Performance Tuning Recommendations

The sections below combine many tips that might help you improve the performance of various data quality stages. The recommendations listed will help you achieve performance for Advanced Matching, Data Normalization, and Universal Name stages.

The recommendations below are applicable to all stages:
  • Number of records: Analyzing and filtering the records before sending them for processing improves the performance, as an increase in the number of records leads to a proportional increase in time.
  • Cluster: The performance increases when the processing is performed in clustered mode.

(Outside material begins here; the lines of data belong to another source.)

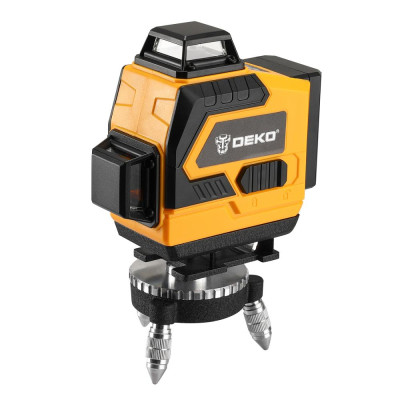 Уровень лазерный самовыравнивающийся DEKO DKLL16 Уровень лазерный самовыравнивающийся DEKO DKLL16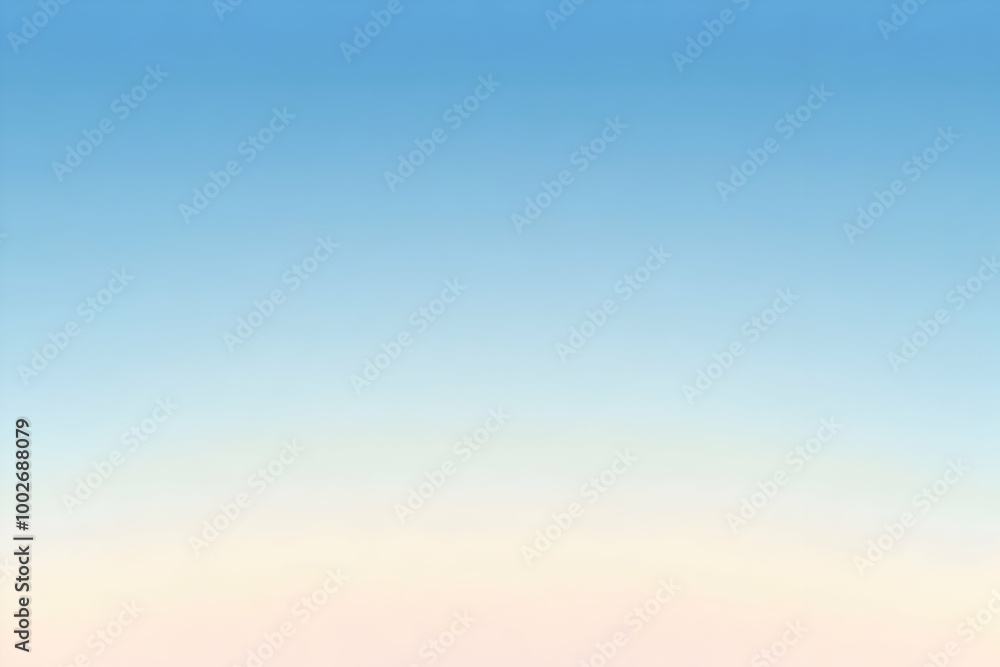 Gradient cream to pastel blue abstract background Gradient cream to pastel blue abstract background
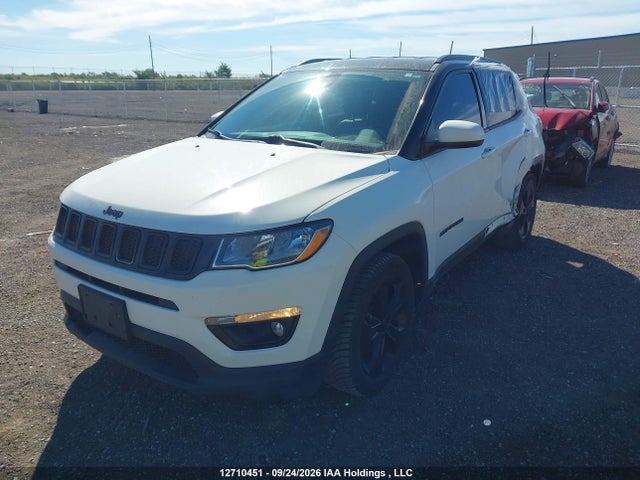 2020 Jeep Compass Altitude მანქანა იყიდება აუქციონზე, vin: 3C4NJCBB9LT135813, აუქციონის ნომერი: 12710451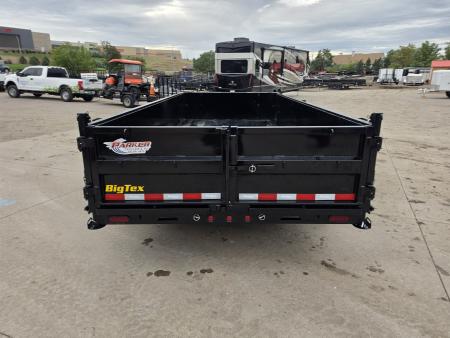 New 2027 Big Tex 14LP-16BK6SIRPD Dump Trailer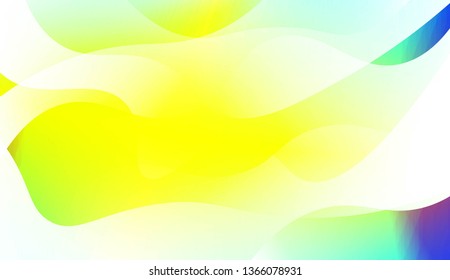 Wave Abstract Background. For Your Design Wallpaper, Presentation, Banner, Flyer, Cover Page, Landing Page. Vector Illustration with Color Gradient
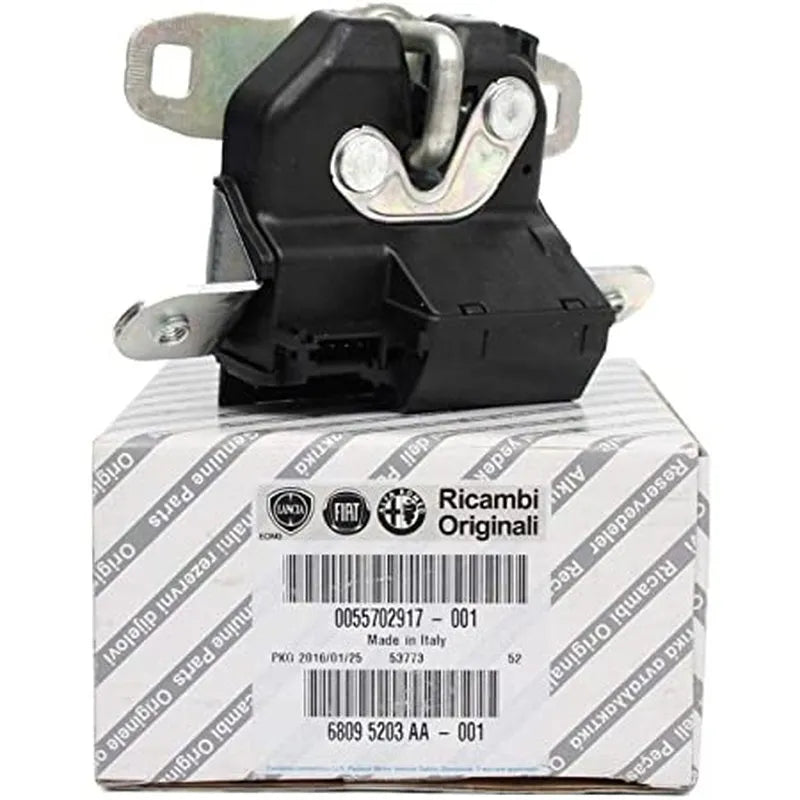 Grande Punto Bagaj Kilit Mekanizması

Performance recommendations for Advanced Matching stages

Stage Performance recommendations

Intraflow Match

  • Group size: Minimizing the group size or match key to the optimum level leads to better performance, as, given the same number of records, an increase in group size leads to increased processing time.
  • Express key: Using an express key during matching improves the performance, but it should be evaluated to ensure that the express key is an accurate candidate for the express match.
  • Input data: Receiving input data sorted by match key improves the performance.
  • Match rule: Optimizing the match rule increases the performance, as a complex match rule degrades the performance.

Interflow Match

  • Group size: Minimizing the group size or match key to the optimum level leads to better performance, as, given the same number of records, an increase in group size leads to increased processing time.
  • Match rule and key: Optimizing the match rule and match keys well, as it plays a crucial role in increasing the performance.

Transactional Match

This stage is fast as compared to the Intraflow Match stage; however, it is recommended to choose the relevant stage according to your requirements as both serve two different purposes. Moreover, unlike Intraflow Match, the group size does not affect the performance as the suspect is matched only once with the candidate.

Best of Breed

Duplicate Synchronization

Filter

Condition: Minimizing the conditions improves the performance, as an increased number of conditions leads to more processing time.

Match Key Generator

Runtime: An increase in runtime instances increases performance.

Candidate Finder The recommendations below improves the performance for Search Index.
  • Runtime: The search operation's performance increases when the runtime instances increases. The machine’s configuration decides on how many runtime instances can be used.

    For example, we observed performance improvement with an increase in the runtime instances.

  • Fields: Create and search operations' performance decreases with more number of fields in the index. However, update operation performance remains almost the same irrespective of the number of fields in the index.

    For example, we observed performance degradation in the case of a search when the number of fields was increased.

  • Batch size: Performance varies when the batch size changes. The optimal number of batch size for the machine is figured out with different batch values. It depends on the machine’s memory and CPU resources.
  • Shards: Update operation improves to some level when the number of shards increases. Search performance degrades with more number of shards.

    For example, we observed that the update gets relatively faster when the shards increase, whereas the search performance degrades.

  • Candidate Finder (CF) conditions: The search takes time when the number of conditions in the candidate finder stage increases.

    For example, we observed performance degradation when the CF query increased.

  • Analyzer: Search using a keyword analyzer is much faster than a standard analyzer.

    For example, we observed a performance improvement when the analyzer changed from standard to keyword.

Note: Search index performance depends on various factors, and the points mentioned above are just an indication of how the performance can vary based on the configuration applied. It is essential to understand the end-user scenario, which is the key driver for deciding on the choice of hardware, index settings, cluster setup, and other configuration parameters to achieve optimal performance.

Performance recommendation for Data Normalization stages

Stage Performance recommendation

Table Lookup

Advanced Transformer

Open Parser

Runtime: An increase in runtime instances increases performance.

Performance recommendation for Universal Name stage

Stage Performance recommendation

Name Parser

Runtime: An increase in runtime instances increases performance.